2. Because We are the Nations
If you are reading this as a Christ-following Jew, then you are permitted to skip on to number three. I’m writing as an American of Irish descent, which means that when Paul writes in Ephesians 2:11-12 about the Gentiles who are “aliens from the commonwealth…strangers to the covenants….having no hope and without God in the world,” he is talking about me, and everyone else who is not physically descended from Abraham. Of all people, we should be passionate about getting the gospel to the nations because we are the nations. Those who by grace have been “brought near by the blood of Christ” and made citizens of the commonwealth of Israel and members of the covenant have benefited incalculably from the passion of God for the nations. Shall we now not also passionately desire the unreached peoples of the world to likewise share in those rich blessings of God’s extravagant mercy? We should be passionate about getting the gospel to the nations because the passion of God has brought the gospel to us.

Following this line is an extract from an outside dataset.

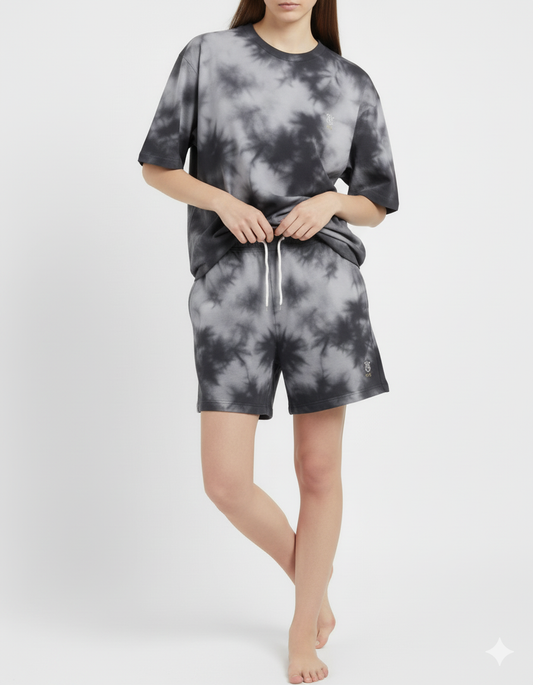 Unisex Monochrome Mists Oversized Tee & Shorts Co-Ord Set
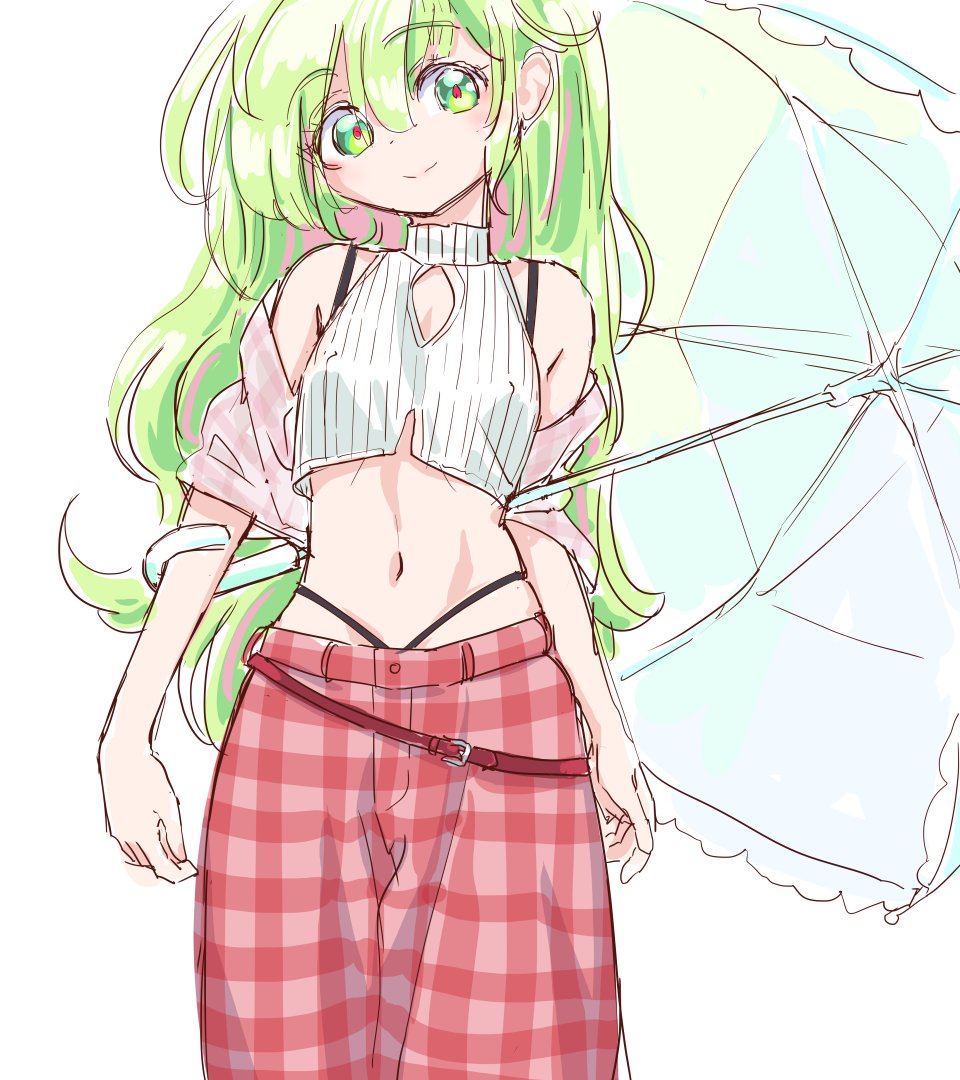 1girl, adapted_costume, belt, bra_strap, covered_erect_nipples, crop_top, green_eyes, green_hair, highleg, highleg_panties, jacket, kazami_yuuka, kazami_yuuka_(pc-98), long_hair, midriff, navel, off_shoulder, panties, pants, pink_jacket, plaid_clothes, plaid_jacket, plaid_pants, red_pants, red_pupils, s-a-murai, shirt, solo, touhou, touhou_(pc-98), umbrella, umbrella_on_arm, underwear, white_background, white_shirt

3. Because an International Church Displays the Richness of God’s Wisdom
This is the plan, the design, the point of everything. This is what history is all about. If you want to know why God made all things, why God made you and me and the world, the answer comes in Ephesian 3:10; he did it so that “through the Church the wisdom of God in its many-splendored variety might now be made known to the rulers and authorities in the heavenly places.” As someone once said, “It’s not about you,” and it’s not about me. As it turns out, it’s about God. Creation is about God. History is about God. The Church is about God, and about displaying the magnificently rich and varied wisdom of God. I’ve read that the Greek word rendered above as “many-splendored” is one that would be used to describe a garden with every imaginable color of flower. That’s the rich variety of the wisdom of God, and richness like that could never be properly displayed in a single homogeneous people-group. It takes a diverse people to display the beauty of the multifaceted wisdom of God. Thus the mystery of God has been revealed: the nations have been incorporated into the one people of God. God desires a Church made up of every nation because God has designed the Church as the stage on which is displayed the magnificence of the beauty of his incomparable glory. If we want the world to marvel at the wisdom of God, then we ought to be passionately taking the gospel to the nations in order that the wonder of the wisdom of God might be displayed as he has designed.
So, how’s your passion for the nations this Epiphany? I hope it’s on the rise and that the words of the Psalmist will well up within you:
May God be gracious to us and bless us and make his face to shine upon us, that your way may be known on earth, your saving power among all the nations. Let the peoples praise you, O God; let all the peoples praise you! Let the nations be glad and sing for joy, for you judge the peoples with equity and guide the nations upon the earth. Let the peoples praise you, O God; let all the peoples praise you (67:1-5)!